(This article is translated from Dutch. The original is here)
The board of Leiden University announced last year that there was going to be an inquiry into an “unjust” pay gap at a faculty it then refused to name. Now, it apparent that both the faculties of Science (FWN) and Behavioral Sciences (FSW) had such a pay gap.
“At FSW and FWN there is a difference in pay, meaning that men and women are rewarded differently, when adjusted for age”, the board writes in a memo. “This is especially notable for FSW, because no such difference existed in earlier years.”
The word“Different” used here really does mean “less”, university spokeswoman Caroline van Overbeeke clarifies, when asked.
Position
There also appear to be differences at other faculties. At the faculties of Law and Governance & Global Affairs, female professors earned less then the men, but in these cases that was “completely due to the fact that more men than women have a so-called 'Hoogleraar-1' position”, the board's memo states.
At Leiden University, professors start out as as a “Hoogleraar-2”, but excellent work in research, teaching or getting grants means they can level up to “Hoogleraar 1”, which involves a bigger salary. So if more men get this promotion, men earn more than women. At the FWN and FSW, women earned less then men, even at the same level of hoogleraar-ness.
The faculty of Archaeology doesn't have enough professors to allow for a valid comparison. At the faculty of Humanities, the pay gap was relatively small, “making it hard to draw statistically robust conclusions”, according to the memo.
The pay gap among professors, corrected for age, function category and function level, was bigger in 2018 than in 2016. The university board calls this a “worrying development.”
Critical look
To compensate, nine female professors have received an additional payment or raise. These women work at all four faculties that showed a pay gap, Van Overbeeke says. No changes in salary are made for non-professor staff members, because there are “hardly” any pay gaps there, the board writes.

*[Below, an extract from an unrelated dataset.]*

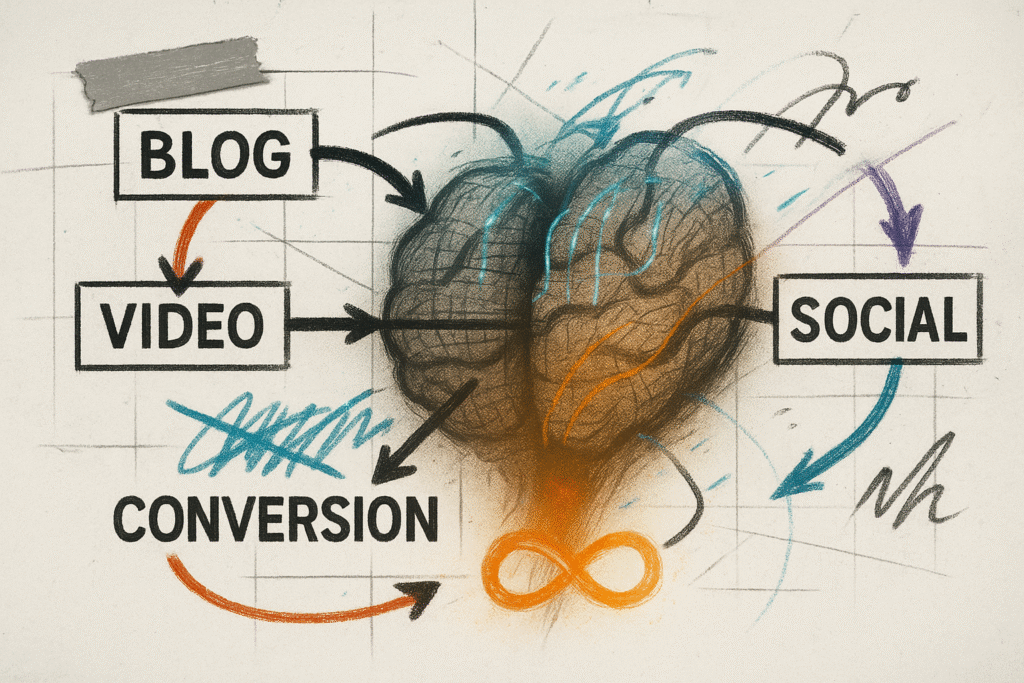 4:3 illustration showing a chaotic marketing funnel diagram transforming into an infinite content ecosystem—representing adaptive content strategy and system evolution in digital marketing.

To prevent similar differences from arising in the future, “a meeting has been had with every faculty, in which at an individual level and using a list, it was compared which women earned relatively little compared to their male peers.” The board also things that just correcting the salaries does not go far enough: “We will also have a critical look at selection criteria and the amount of space for negotiation when hiring new professors.”